What do test scores predict?

Lots of people from legislators to students like to dismiss the value of Colorado’s annual high school exams, but a new report suggests the test results may be useful as an indicator of who’s more likely to stay in college.

The report found that scores on the 10th-grade math CSAP tests were almost as good an indicator that a student will continue in college as student ratings on the admissions index that colleges use when considering applications.

The higher a student’s CSAP result, the more likely the student will complete at least 30 credit hours of college work – roughly a year of higher education.

“What I’m showing is it’s related to persistence,” said Robert Reichardt of R-Squared Research, who wrote the report for the Colorado Department of Higher Education.

“The admissions index is a slightly better predictor than the CSAP,” he said, but test scores “may be an appropriate thing to consider in admissions policies.”

Reichardt compared 10th-grade CSAP math scores and admissions index data for Colorado high school graduates who attended state colleges from 2008 through 2011. “Persistence” was defined as having completed 30 credit hours of college work. The admissions index includes student scores on ACT or SAT college entrance exams and high school academic performance as measured by grade point average or class rank.

Reichardt said he found two other conclusions of his research significant.

“I think the most significant finding of the report is the consistently lower persistence rates” for males, Hispanic and low-income students despite their CSAP scores, he said.

The lower persistence rates for low-income students were less surprising, given college costs. He’s concerned about lower persistence rates for males: “The problem of males in education in general is not one that’s being talked about a lot.”

“The second thing is … there are still huge variations between institutions in persistence,” even when student scores and indexes are comparable, Reichardt said. “I don’t know why they’re different.”

Reichardt stresses that the report has limitations, including its focus on a traditional cohort of college-going students, and that further research is needed on broader groups of students and on what other factors affect persistence.

“Our universities are dealing with a huge diversity” of students, Reichardt noted, and for that reason, more research is needed on what affects persistence for a wide variety of students.
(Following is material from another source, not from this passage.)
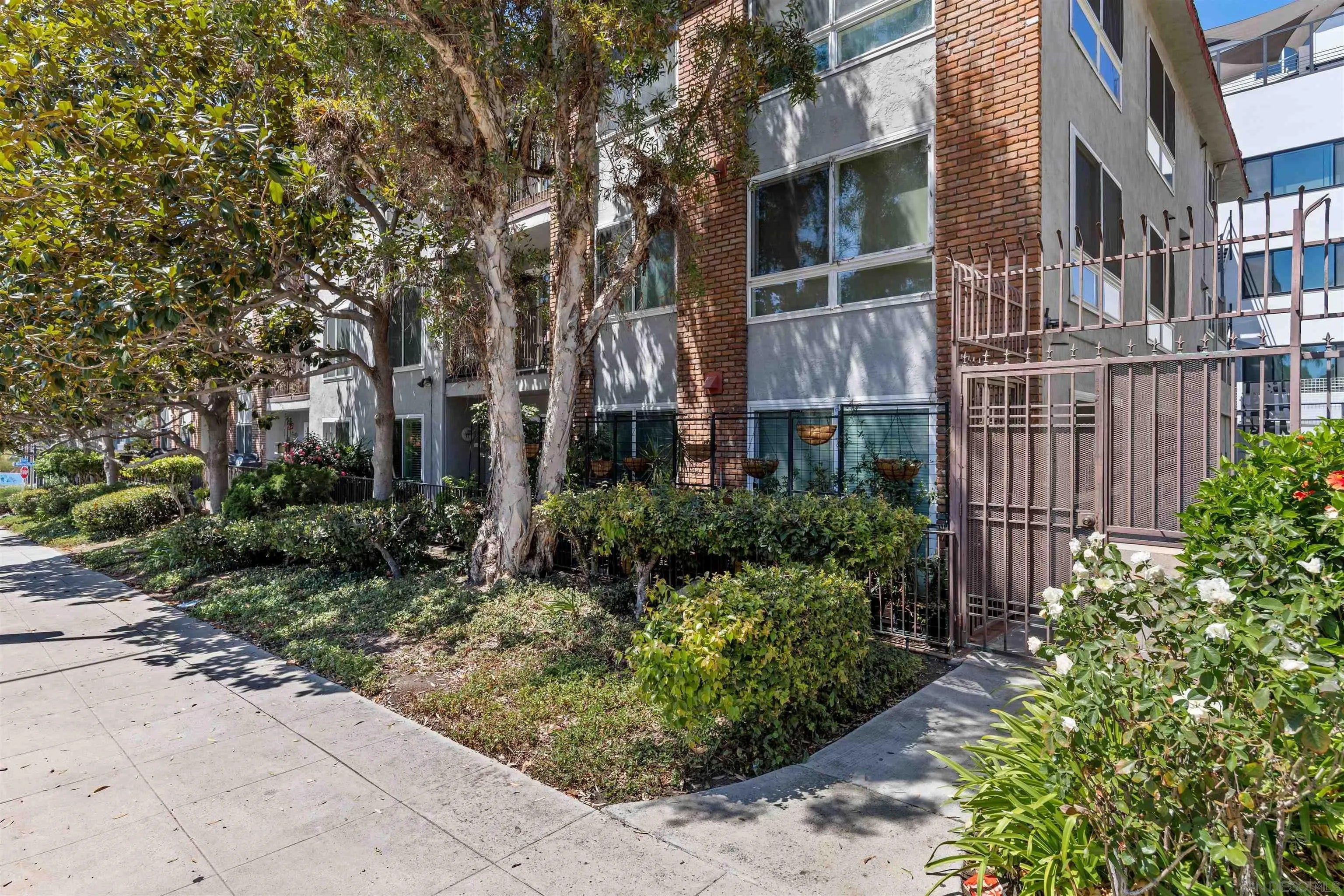 540 Hawthorn 1A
The report was designed to address such questions as whether CSAP scores predict attendance at two-year or four-year schools, whether scores predict persistence at both levels and to compare test scores and the admissions index. The group studied totaled about 42,000 students. Their persistence rates were 60 percent at two-year schools and 81 percent on four-year campuses. Here are some key findings:

  • Hispanic and low-income students with CSAP scores equivalent to those of the entire group studied were less likely to attend four-year schools.
  • Male, Hispanic and American Indian students were less likely to persist at two-year schools, while black and white freshmen were equally likely to persist.
  • At four-year schools, persistence was lower for males and all ethnic groups.
  • Among the four-year schools, Colorado Mesa, the School of Mines and the University of Colorado-Boulder had the highest persistence rates, while Metro State, Colorado State-Pueblo and Adams State had the lowest for students with comparable CSAP scores.
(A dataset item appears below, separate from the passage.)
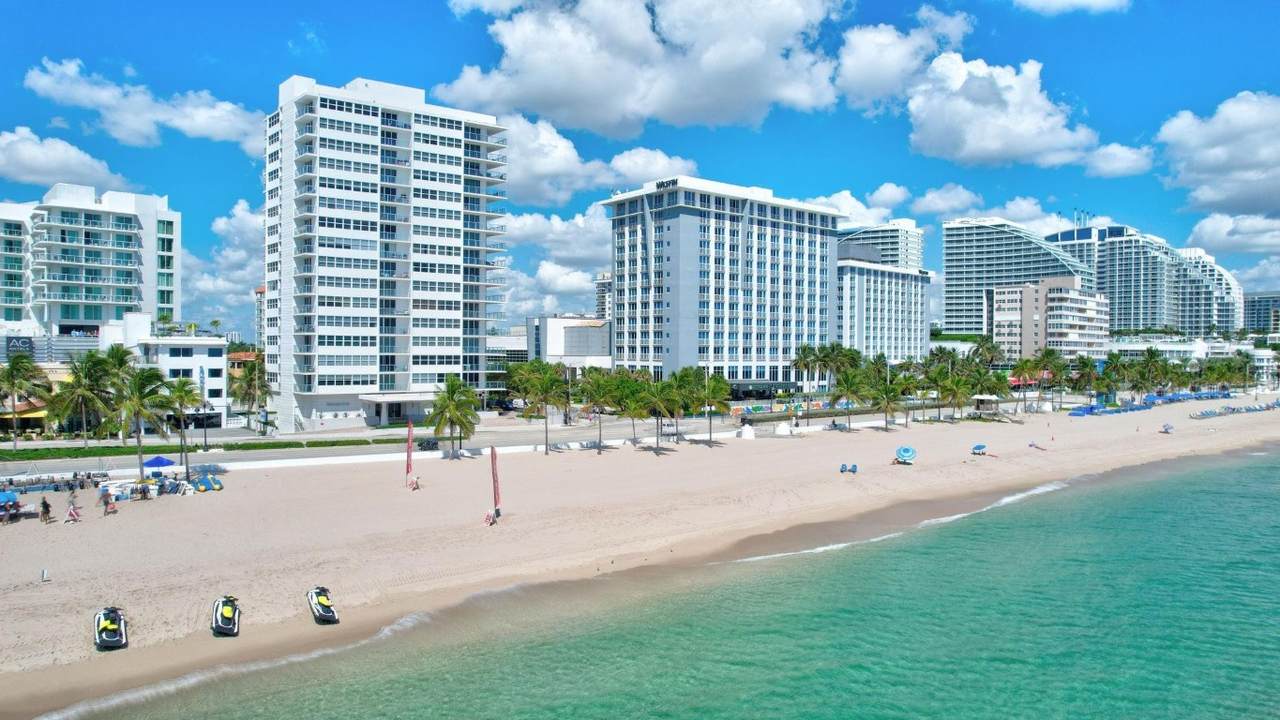 https://bt-photos.global.ssl.fastly.net/beaches/1280_boomver_1_F10544789-2.jpg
Reichardt presented the report at a recent meeting of the Colorado Commission on Higher Education. The document is part of a series of studies the state Department of Higher Education has commissioned to inform development of a new master plan for Colorado’s public colleges and universities.

That plan, required by a 2011 law, will become the frame for performance contracts with individual institutions, contracts that may eventually be tied to funding.

The state has an aspirational goal to double the number of degrees issued by 2020. Some 44,908 degrees and certificates were granted in 2011, the most recent data available.

The 2012 legislature passed multiple bills intended to increase completion, including measures making it easier for students to combine community college and four-year credits to earn associate’s degrees, to improve remediation programs and to allow adults to earn credit for past professional experience.

It’s widely agreed that Colorado can’t double degree and certificate production just by increasing enrollment of traditional-age college students.

Some legislators and other policy makers have been critical of high school tests, arguing students don’t take them seriously because the results aren’t considered for college admissions. There have been unsuccessful legislative attempts to reduce high school testing, which is done in the 9th and 10th grades. All Colorado 11th graders have to take the ACT test.

Legislation passed earlier this year encourages school districts to give the Accuplacer tests in high school. Supporters of those tests argue that high schools can use the instant results to help students fill academic gaps before they get to college, reducing the need for remediation.